For the second quarter in a row lenders have relaxed standards for Commercial and Industrial loans to large and medium sized firms. Banks have however, tightened standards for Commercial Real Estate loans. Demand for these types of loans has reportedly waned. Credit has eased across the board for residential mortgages, while credit card auto loans have been reined-in. Demand for consumer loans was down for the third consecutive quarter.
This voluntary survey is conducted with a senior loan officer at each respondent bank. Senior financial officer staff at the reserve banks with knowledge of bank lending practices administer the interview. The reporting panel consists of up to 60 large, domestically chartered commercial banks and up to 24 large U.S. branches and agencies of foreign banks. The purpose of the survey is to provide qualitative and limited quantitative information on credit availability and demand, as well as evolving developments and lending practices in the U.S. loan markets.
Commercial and industrial loans (C&I is any type of loan made to a business or corporation in order to provide either working capital or to finance major capital expenditures), saw loans lending standards ease in Q3-2017, (Figure 1). The percentage of banks reporting unchanged lending standards was 96.1%, while 3.9% indicated that they eased somewhat. Banks cite greater competition as well as a healthier future outlook for the improved risk appetite. For small businesses, 4.1% of surveyed banks relaxed lending practices, 93.2% were unchanged lending standards was while the remainder reported that they had tightened somewhat.
Figure 2 shows that commercial real estate loans lending continued to tighten. Lending standards began tightening in Q3-2015 and have continued to tighten with each passing quarter. A net 9.3% of banks reported tighter lending standards for nonfarm nonresidential loans in Q2, while 18.4% of banks said they were tightening standards for multi-family loans. Lenders also reported that 17.3% tightened lending standards for construction and land development loans. Demand for commercial real estate loans was weaker across the board in the second quarter. Delinquencies have moved steadily higher over the past several quarters, particularly in the retail and office segments. Internet shopping continues to grow at the expense of brick and mortar stores and now make up nearly 10% of all non-auto retail purchases. This trend is expected to continue.

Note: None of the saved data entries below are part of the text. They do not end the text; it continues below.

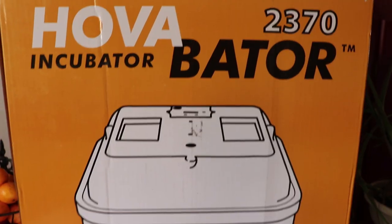Hello and welcome to Wholesome Roots. Today I'm going to teach you how to set up your incubator for hatching eggs. Today I'm going to be setting up our brand new incubator that we received as a gift from one of our subscribers off of our wish list.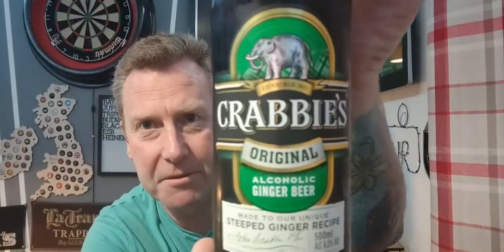I do like the label — quite traditional, it's got something old-worldy about it. There's the bottle cap. I like the bottle cap as well; it sort of matches in with the label.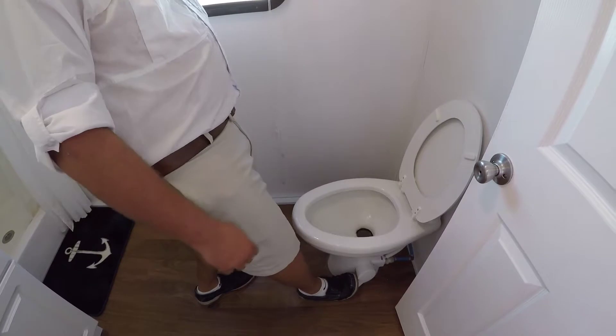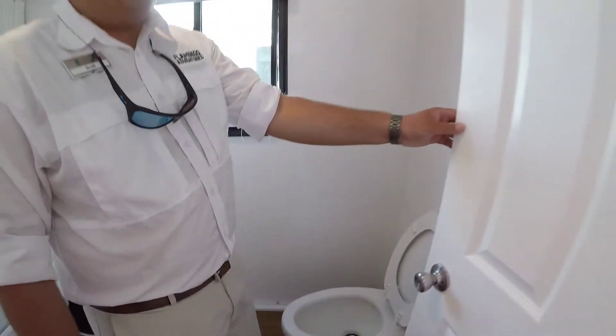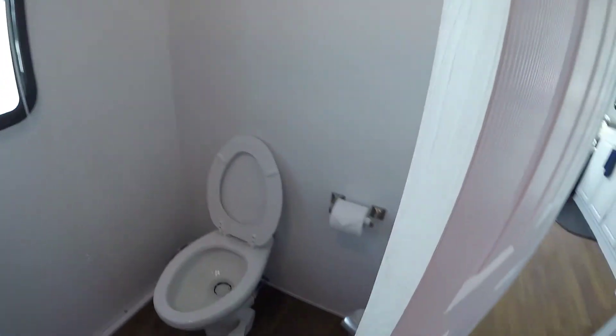To flush, push all the way down. Toilet paper is located behind the door. It's as simple as that.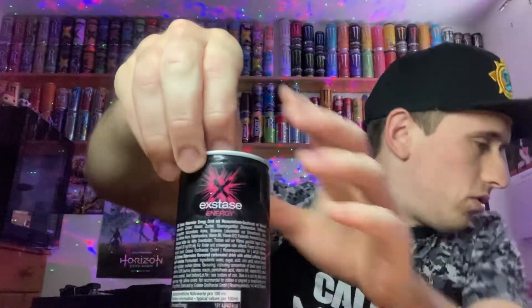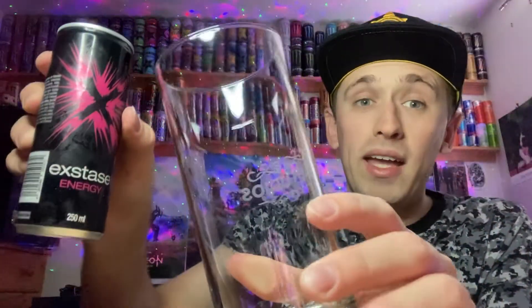Hopefully it doesn't explode over me. Right, let's have a look — oh, that's pretty pressurized actually. I do not trust that — I'll put a tissue over it just in case. Okay, I think we're safe. Quite a lot of air, but oh, I got a whiff of it there coming out — that stinks. This is going to be horrible, isn't it? This is going to be disgusting.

Demand for residential mortgage loans improved. Outstanding balances were up by $17.8 billion in June to total $8.32 trillion. Mortgage loans default rates continue to decline making these loans more desirable than auto and other consumer loans which are seeing higher delinquency rates. Auto loan default rates have increased to 2.5%, double the broader market rate and is a major concern going forward as most of the pent-up demand for new vehicles has been satisfied. Consumer credit lending standards were tightened for the fifth month in a row in Q2 as 7.7% of banks reported tighter lending standards for auto loans. For credit cards, 5.8% of respondents reported tighter lending standards.
Strong job creation, wage gains and strong balance sheets have combined to expand lending over the past couple of years. The current overall macro-economic metrics point to this trend continuing.
At Gerdau, we keep a keen eye on the Federal Senior Loan Officer Survey because it offers insight into the future demand for steel products. If demand is increasing and capital is widely availability, future steel sales will be robust. Of course the opposite is true if demand is waning and capital availability is difficult to come by.